▶ _Work order_:
Output the entries verbatim, including every line.

▶ _Dataset entries_:
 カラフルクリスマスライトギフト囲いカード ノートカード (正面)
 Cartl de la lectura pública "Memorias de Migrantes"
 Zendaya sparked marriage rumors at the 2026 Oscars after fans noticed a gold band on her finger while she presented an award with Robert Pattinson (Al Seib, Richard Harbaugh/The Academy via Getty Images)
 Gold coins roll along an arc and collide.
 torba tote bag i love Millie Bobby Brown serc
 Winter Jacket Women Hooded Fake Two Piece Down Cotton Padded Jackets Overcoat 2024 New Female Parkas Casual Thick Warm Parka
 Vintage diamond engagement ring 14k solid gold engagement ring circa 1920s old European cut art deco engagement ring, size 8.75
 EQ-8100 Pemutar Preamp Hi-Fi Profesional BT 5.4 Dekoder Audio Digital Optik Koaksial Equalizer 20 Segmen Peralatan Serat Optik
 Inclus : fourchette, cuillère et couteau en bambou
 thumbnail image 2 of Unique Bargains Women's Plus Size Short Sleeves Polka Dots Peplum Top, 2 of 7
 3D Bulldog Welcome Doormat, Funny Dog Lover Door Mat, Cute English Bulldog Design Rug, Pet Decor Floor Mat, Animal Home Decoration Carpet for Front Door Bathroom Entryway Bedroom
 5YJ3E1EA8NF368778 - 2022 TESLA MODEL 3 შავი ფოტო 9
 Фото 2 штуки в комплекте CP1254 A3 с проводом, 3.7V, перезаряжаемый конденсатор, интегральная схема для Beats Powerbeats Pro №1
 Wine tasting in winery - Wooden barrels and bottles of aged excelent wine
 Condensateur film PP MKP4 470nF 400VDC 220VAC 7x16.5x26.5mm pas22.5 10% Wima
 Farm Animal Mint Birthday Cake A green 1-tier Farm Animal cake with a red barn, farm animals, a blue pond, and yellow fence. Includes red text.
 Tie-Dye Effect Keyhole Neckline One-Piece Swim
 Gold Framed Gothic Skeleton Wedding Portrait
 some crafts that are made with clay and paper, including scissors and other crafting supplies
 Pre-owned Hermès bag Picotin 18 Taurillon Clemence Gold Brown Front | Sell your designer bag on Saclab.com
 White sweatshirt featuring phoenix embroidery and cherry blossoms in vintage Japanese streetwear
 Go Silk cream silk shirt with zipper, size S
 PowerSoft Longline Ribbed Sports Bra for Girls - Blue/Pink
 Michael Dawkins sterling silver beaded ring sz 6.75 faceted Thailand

▶ _Output for this exercise_:
 カラフルクリスマスライトギフト囲いカード ノートカード (正面)
 Cartl de la lectura pública "Memorias de Migrantes"
 Zendaya sparked marriage rumors at the 2026 Oscars after fans noticed a gold band on her finger while she presented an award with Robert Pattinson (Al Seib, Richard Harbaugh/The Academy via Getty Images)
 Gold coins roll along an arc and collide.
 torba tote bag i love Millie Bobby Brown serc
 Winter Jacket Women Hooded Fake Two Piece Down Cotton Padded Jackets Overcoat 2024 New Female Parkas Casual Thick Warm Parka
 Vintage diamond engagement ring 14k solid gold engagement ring circa 1920s old European cut art deco engagement ring, size 8.75
 EQ-8100 Pemutar Preamp Hi-Fi Profesional BT 5.4 Dekoder Audio Digital Optik Koaksial Equalizer 20 Segmen Peralatan Serat Optik
 Inclus : fourchette, cuillère et couteau en bambou
 thumbnail image 2 of Unique Bargains Women's Plus Size Short Sleeves Polka Dots Peplum Top, 2 of 7
 3D Bulldog Welcome Doormat, Funny Dog Lover Door Mat, Cute English Bulldog Design Rug, Pet Decor Floor Mat, Animal Home Decoration Carpet for Front Door Bathroom Entryway Bedroom
 5YJ3E1EA8NF368778 - 2022 TESLA MODEL 3 შავი ფოტო 9
 Фото 2 штуки в комплекте CP1254 A3 с проводом, 3.7V, перезаряжаемый конденсатор, интегральная схема для Beats Powerbeats Pro №1
 Wine tasting in winery - Wooden barrels and bottles of aged excelent wine
 Condensateur film PP MKP4 470nF 400VDC 220VAC 7x16.5x26.5mm pas22.5 10% Wima
 Farm Animal Mint Birthday Cake A green 1-tier Farm Animal cake with a red barn, farm animals, a blue pond, and yellow fence. Includes red text.
 Tie-Dye Effect Keyhole Neckline One-Piece Swim
 Gold Framed Gothic Skeleton Wedding Portrait
 some crafts that are made with clay and paper, including scissors and other crafting supplies
 Pre-owned Hermès bag Picotin 18 Taurillon Clemence Gold Brown Front | Sell your designer bag on Saclab.com
 White sweatshirt featuring phoenix embroidery and cherry blossoms in vintage Japanese streetwear
 Go Silk cream silk shirt with zipper, size S
 PowerSoft Longline Ribbed Sports Bra for Girls - Blue/Pink
 Michael Dawkins sterling silver beaded ring sz 6.75 faceted Thailand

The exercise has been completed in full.